_WHAT NEEDS TO BE DONE:_ Scan the records below. List lines holding "Floral".

_RECORDED INFORMATION:_
·····

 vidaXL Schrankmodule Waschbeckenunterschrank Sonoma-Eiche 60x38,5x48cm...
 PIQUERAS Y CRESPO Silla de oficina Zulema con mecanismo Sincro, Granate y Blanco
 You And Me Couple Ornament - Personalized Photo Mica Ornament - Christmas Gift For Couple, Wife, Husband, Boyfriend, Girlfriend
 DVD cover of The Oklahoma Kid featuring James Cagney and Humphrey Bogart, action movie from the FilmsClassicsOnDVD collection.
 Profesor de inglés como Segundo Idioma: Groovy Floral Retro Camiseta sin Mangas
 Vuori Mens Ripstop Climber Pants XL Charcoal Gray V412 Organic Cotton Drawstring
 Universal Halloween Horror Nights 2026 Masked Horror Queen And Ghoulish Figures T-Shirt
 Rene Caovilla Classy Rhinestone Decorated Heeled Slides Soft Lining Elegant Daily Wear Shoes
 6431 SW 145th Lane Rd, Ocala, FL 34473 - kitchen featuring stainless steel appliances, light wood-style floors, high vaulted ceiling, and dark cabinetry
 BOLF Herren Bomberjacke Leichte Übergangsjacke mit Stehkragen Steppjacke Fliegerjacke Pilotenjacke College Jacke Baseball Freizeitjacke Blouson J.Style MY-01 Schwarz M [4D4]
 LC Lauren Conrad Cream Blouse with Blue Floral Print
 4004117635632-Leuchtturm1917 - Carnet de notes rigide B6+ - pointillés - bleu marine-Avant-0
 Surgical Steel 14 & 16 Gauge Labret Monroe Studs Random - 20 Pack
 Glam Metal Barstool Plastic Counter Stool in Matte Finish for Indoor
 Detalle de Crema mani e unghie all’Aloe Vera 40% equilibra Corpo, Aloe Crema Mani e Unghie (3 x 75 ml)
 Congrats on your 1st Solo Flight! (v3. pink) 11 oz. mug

·····

_SOLUTION TO THIS TASK:_
 Profesor de inglés como Segundo Idioma: Groovy Floral Retro Camiseta sin Mangas
 LC Lauren Conrad Cream Blouse with Blue Floral Print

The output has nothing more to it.